"What Time Is It?"
December 10, 2006
Second Sunday of Advent
from Malachi 3:1-4 and Luke 3:1-6
"God says, 'Look! I'm sending my messenger on ahead to clear the way for me... He'll refine them like gold and silver, until they're fit for God... Then will they be fit and pleasing to God..." from Malachi 3:1-4, The Message
My sermon outline:
• “What time is it?” doesn’t have to mean hours and minutes... it could be more general, like “it’s Christmastime” or “it’s about time for us to head down the shore...” or the story of the turtle who tried to fly:
Deep within a forest a little turtle began to climb a tree. After hours of effort he reached the top, jumped into the air waving his front legs and crashed to the ground. After recovering, he slowly climbed the tree again, jumped, and fell to the ground. The turtle tried again and again while a couple of birds (turtledoves, what else?) sitting on a branch watched his sad efforts. Finally, the female bird turned to her mate. "Dear," she chirped, "I think it's time to tell him he's adopted."

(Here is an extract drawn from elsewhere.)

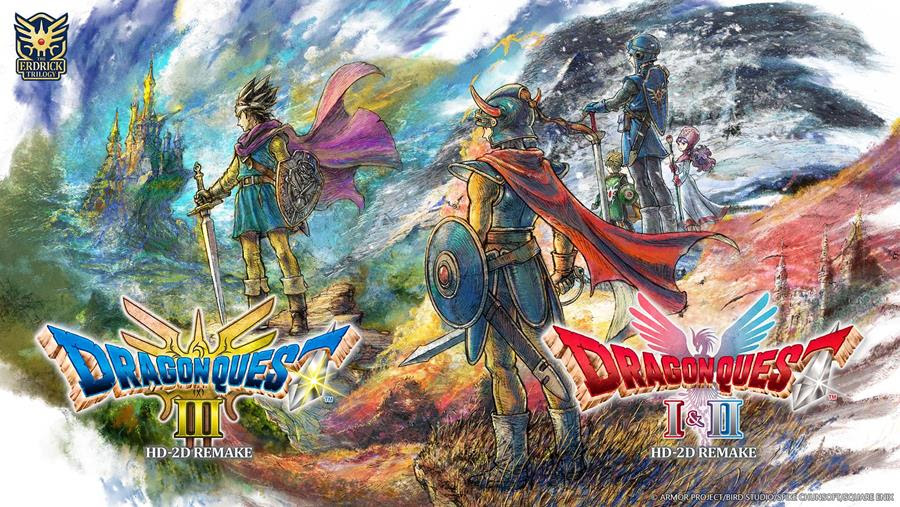 DRAGON QUEST I & II HD-2D Remake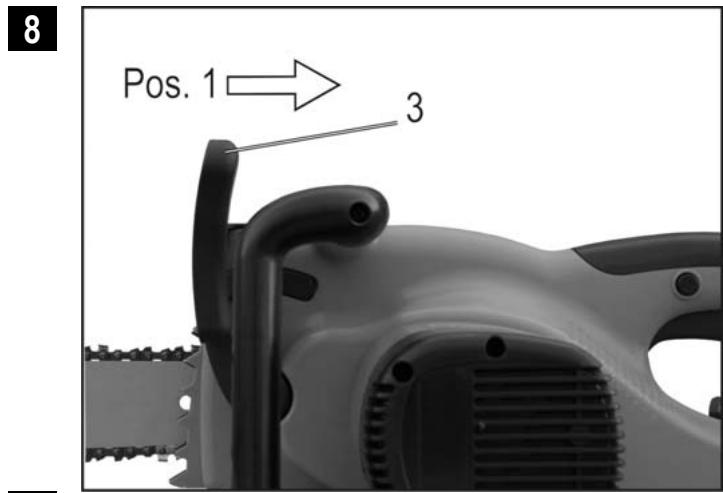 ATIKA KS 2001 - Chain saw - 8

• I skipped over part of the Gospel reading (the hard to pronounce names), a part that actually does tell us what time it is (before calendars were standardized the way they are today. I might say I started at Spring City in the second year after Pastor Howarth retired, or the second year after Marcus Matthews became bishop, or in the sixth year of GWB, 43rd president of the US. Luke was grounding this story in local contexts, but perhaps what’s most interesting and surprising is that after naming these 5 political leaders and two religious leaders, the word of God comes to a nobody, John the Baptist.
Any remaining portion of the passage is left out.